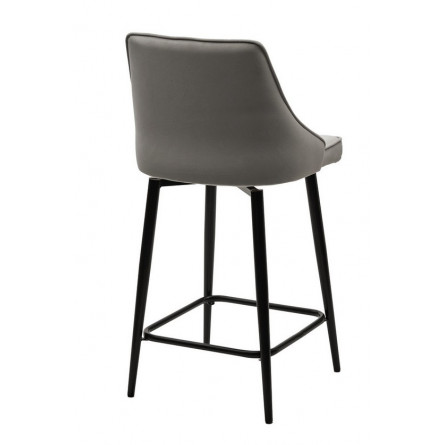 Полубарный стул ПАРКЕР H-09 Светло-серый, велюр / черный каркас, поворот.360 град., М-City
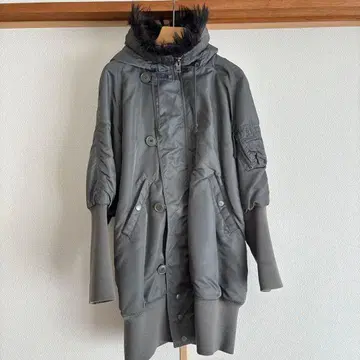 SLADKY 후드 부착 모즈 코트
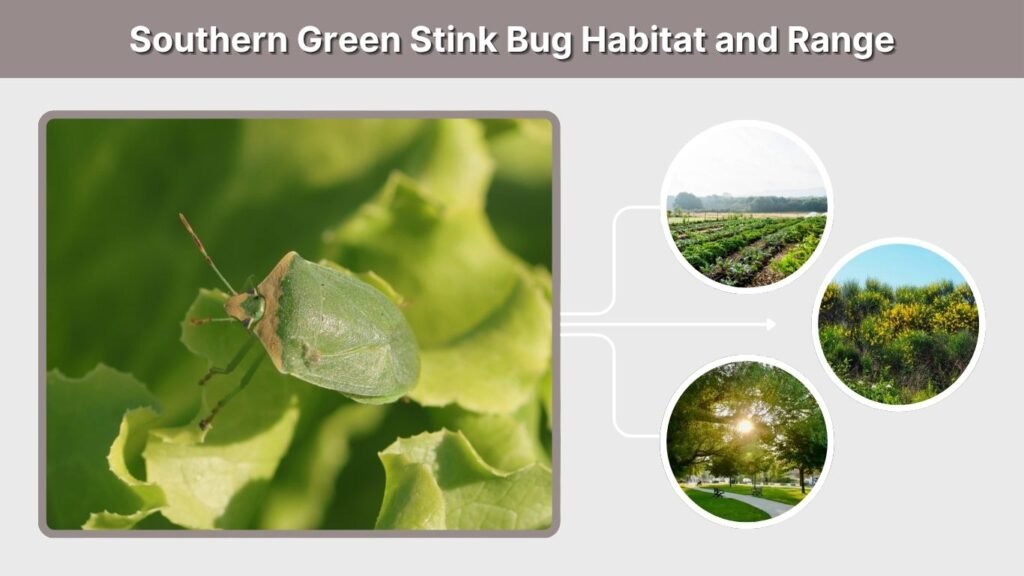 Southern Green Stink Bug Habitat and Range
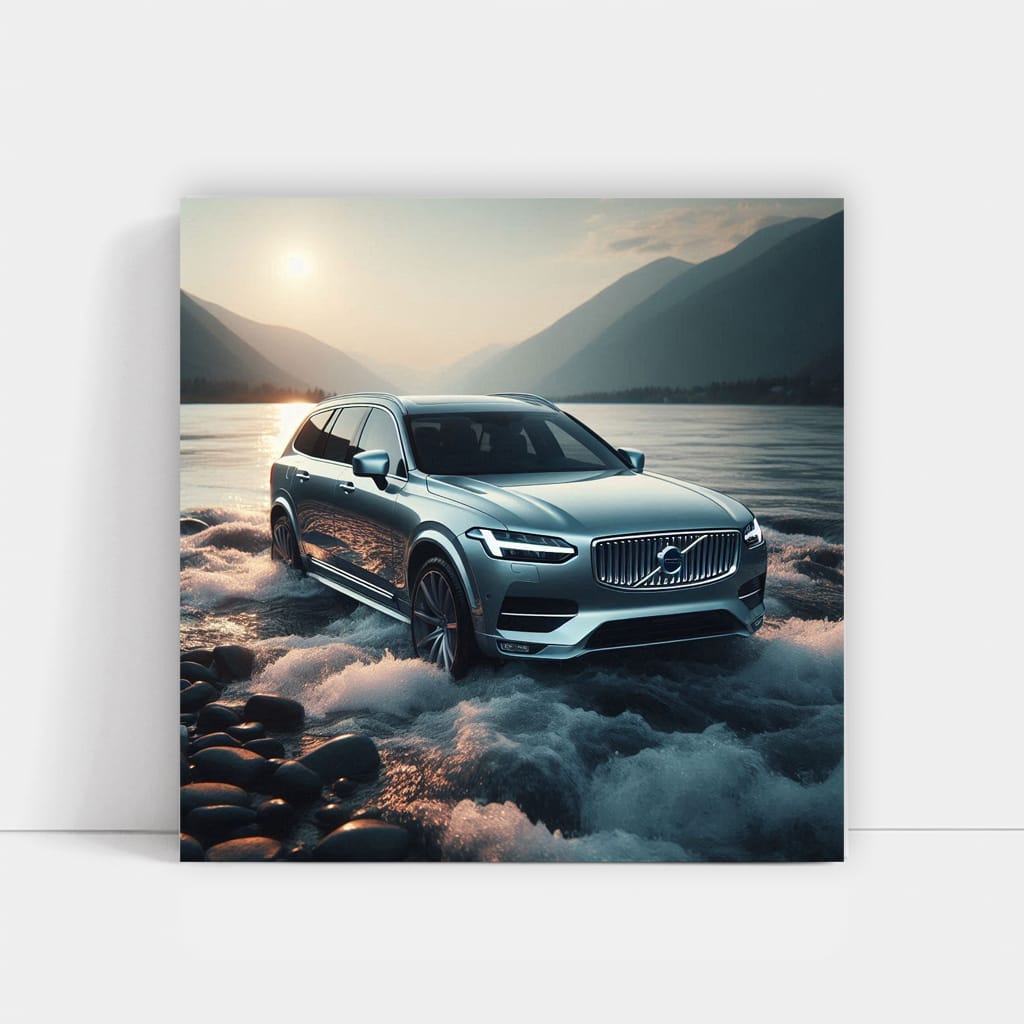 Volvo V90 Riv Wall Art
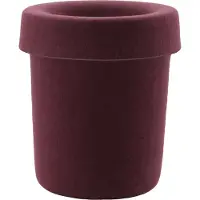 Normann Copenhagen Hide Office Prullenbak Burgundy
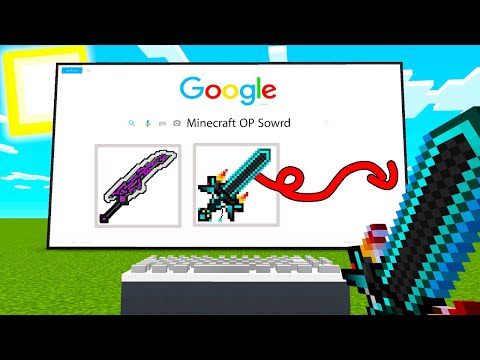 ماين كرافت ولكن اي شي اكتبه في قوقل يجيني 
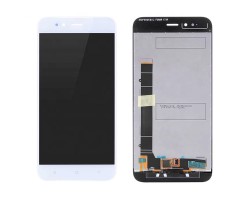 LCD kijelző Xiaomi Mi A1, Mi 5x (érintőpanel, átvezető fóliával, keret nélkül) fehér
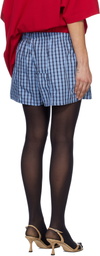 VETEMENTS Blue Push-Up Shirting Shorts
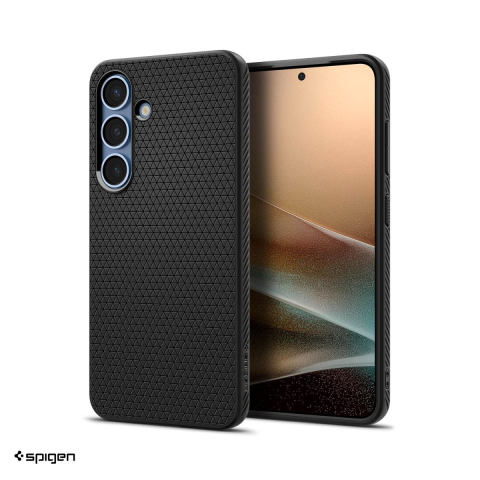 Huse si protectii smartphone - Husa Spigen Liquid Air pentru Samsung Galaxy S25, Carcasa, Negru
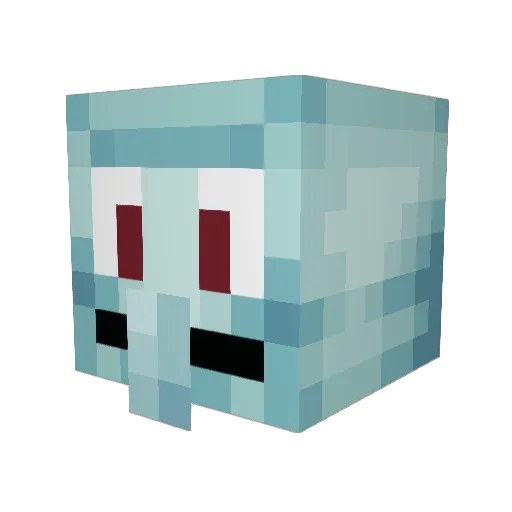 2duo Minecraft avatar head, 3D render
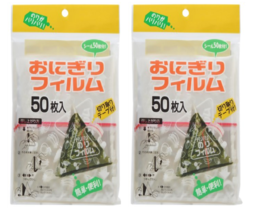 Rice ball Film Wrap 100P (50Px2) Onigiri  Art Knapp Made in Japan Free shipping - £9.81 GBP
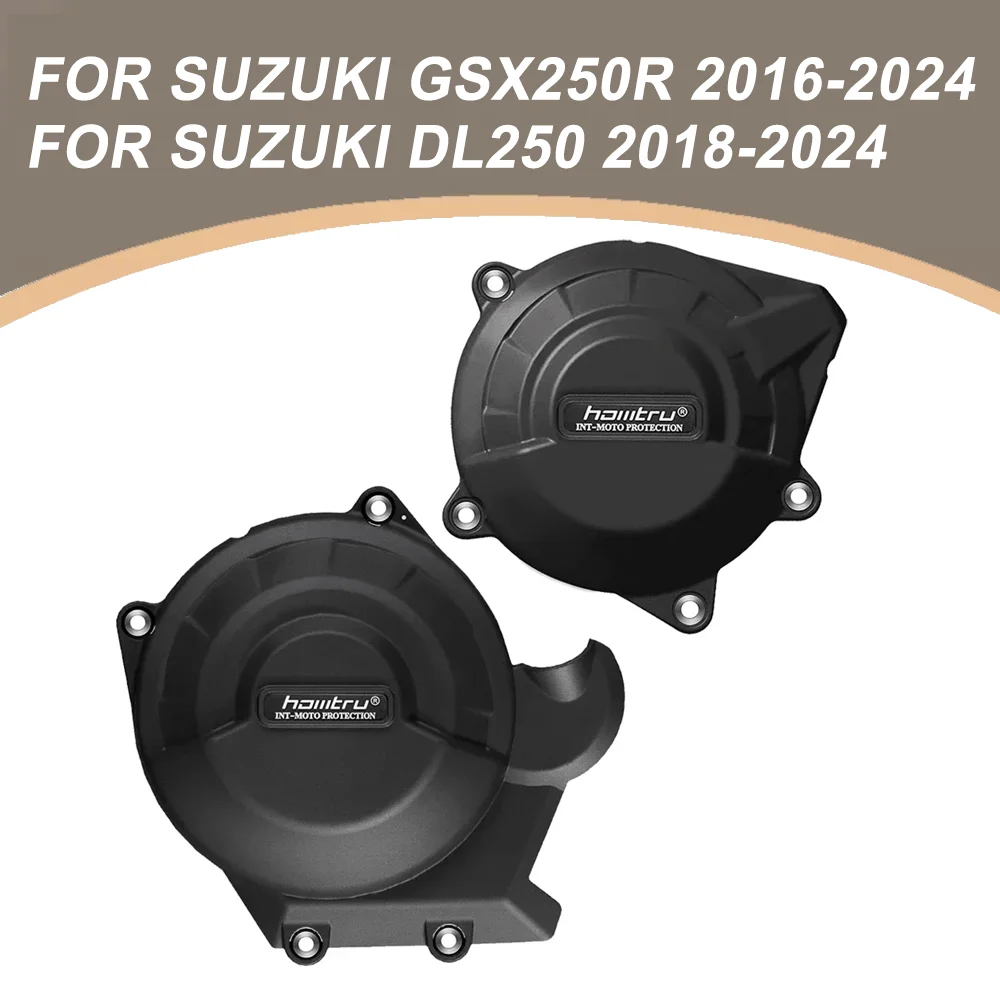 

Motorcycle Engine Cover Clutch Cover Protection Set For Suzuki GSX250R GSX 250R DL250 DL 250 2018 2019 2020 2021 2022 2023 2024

◆ **Work instruction**:
Copy out the entries exactly. No pictures.

◆ **Expected answer**:
 Полубарный стул ПАРКЕР H-09 Светло-серый, велюр / черный каркас, поворот.360 град., М-City
 SLADKY 후드 부착 모즈 코트
 Southern Green Stink Bug Habitat and Range
 Volvo V90 Riv Wall Art
 Normann Copenhagen Hide Office Prullenbak Burgundy
 ماين كرافت ولكن اي شي اكتبه في قوقل يجيني 
 LCD kijelző Xiaomi Mi A1, Mi 5x (érintőpanel, átvezető fóliával, keret nélkül) fehér
 VETEMENTS Blue Push-Up Shirting Shorts
 Huse si protectii smartphone - Husa Spigen Liquid Air pentru Samsung Galaxy S25, Carcasa, Negru
 2duo Minecraft avatar head, 3D render
 Rice ball Film Wrap 100P (50Px2) Onigiri  Art Knapp Made in Japan Free shipping - £9.81 GBP

Motorcycle Engine Cover Clutch Cover Protection Set For Suzuki GSX250R GSX 250R DL250 DL 250 2018 2019 2020 2021 2022 2023 2024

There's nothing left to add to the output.